The fifth UN Global Road Safety Week – held from 6-12 May, 2019 – focused on leadership for road safety, and launched action through the ongoing campaign: Save Lives – #SpeakUp. It comes complementing the SDGs – target 3.6 calls for reducing the number of global deaths and injuries from road traffic accidents by half.

BRAC Road Safety Programme partnered up with Junior Chamber International (JCI Dhaka West) for a two-day long eye screening drive for bus drivers and conductors in late April. More than 1,000 bus drivers and conductors lined up at the Syedabad Bus Terminal, to have their eyesight checked by a medical team from the National Eye Science Institute and Hospital. The attendees were provided with glasses and relevant medication for their eye problems, and for those who required surgical operations, the team supported in subsidising the cost.

The learnings from the drive were alarming. A meeting was conducted by Bangladesh Road Transport Authority (BRTA) and BRAC in collaboration with JCI Dhaka West, where the visual impairment of the capital’s bus drivers, and the overall issue of road safety was the focus of discussion. We learned that half of the drivers who participated in the drive are short-sighted and almost three-fourth of the bus drivers have never been to an eye doctor. With almost half of the drivers working right to 12 hours’ shifts each day, these figures brought forward the severity of the issue, and encouraged stakeholders to take steps to mitigate the problem.
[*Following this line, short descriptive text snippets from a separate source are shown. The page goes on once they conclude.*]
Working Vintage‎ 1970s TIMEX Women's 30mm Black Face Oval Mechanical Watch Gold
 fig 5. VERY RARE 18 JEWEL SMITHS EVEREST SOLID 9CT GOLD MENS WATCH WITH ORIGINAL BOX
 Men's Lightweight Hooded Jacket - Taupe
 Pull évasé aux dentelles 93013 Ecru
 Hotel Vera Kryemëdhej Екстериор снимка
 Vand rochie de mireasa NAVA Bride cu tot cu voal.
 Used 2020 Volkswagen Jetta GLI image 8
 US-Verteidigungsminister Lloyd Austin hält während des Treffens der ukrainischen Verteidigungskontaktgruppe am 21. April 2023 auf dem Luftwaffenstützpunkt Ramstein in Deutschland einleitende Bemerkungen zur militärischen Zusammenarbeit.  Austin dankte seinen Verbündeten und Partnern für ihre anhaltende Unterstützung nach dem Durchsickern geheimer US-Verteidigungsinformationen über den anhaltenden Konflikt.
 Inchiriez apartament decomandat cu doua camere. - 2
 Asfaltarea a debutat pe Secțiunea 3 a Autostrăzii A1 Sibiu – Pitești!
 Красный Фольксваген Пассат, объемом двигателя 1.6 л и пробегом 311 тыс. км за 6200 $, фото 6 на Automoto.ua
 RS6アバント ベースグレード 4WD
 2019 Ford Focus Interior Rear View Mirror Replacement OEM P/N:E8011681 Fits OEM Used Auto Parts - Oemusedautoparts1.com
The incidents of road accidents and the casualties stemming from them call for stronger leadership for road safety. While the initiatives carried out by BRAC, JCI, and BRTA encouraged decision makers to act through their own institutional capacities, the onus is also on the civil society to take responsibility in their own personal capacities. To that end, BRAC Road Safety Programme is currently implementing “Safe Roads for Women and Girls,” a project that aims to reduce the number of road accidents and promote a public transport system free of sexual harassment throughout the selected project areas. Students and teachers of Jaydapur High School in Gazipur took part to raise awareness for the campaign, demanding safer roads in their area. These demands made their way to the local authority of police for further action to be taken.

Awareness-raising activities were also carried out by the instructors of BRAC Driving School. This unit has an MoU signed with the Bangladesh Road Transport Authority, which enables our road safety programme to certify and train novice and in-service drivers. The instructors raised demands to the government for the enforcement of road safety rules, and for more quality driving instructors to train drivers of safe driving.

Abed bhai’s message resonated with the urgency with which all of us must treat the issue of road safety. “Every year in Bangladesh, we lose thousands of lives in road crashes. Many become permanently disabled as a result. Our own staff members, especially those working in the field, have faced terrible road crashes. We must know and follow rules on the road and for that, we need to build awareness.”

It is the concern of safety which has to be a part of our everyday lives – not the incidents of road crashes. Too many lives have been lost over the years for us to sit idly. Each one of us can, in our own capacities, be a champion for road safety, and #SpeakUp.

 

Luba Khalili is Deputy Manager, BRAC Communications.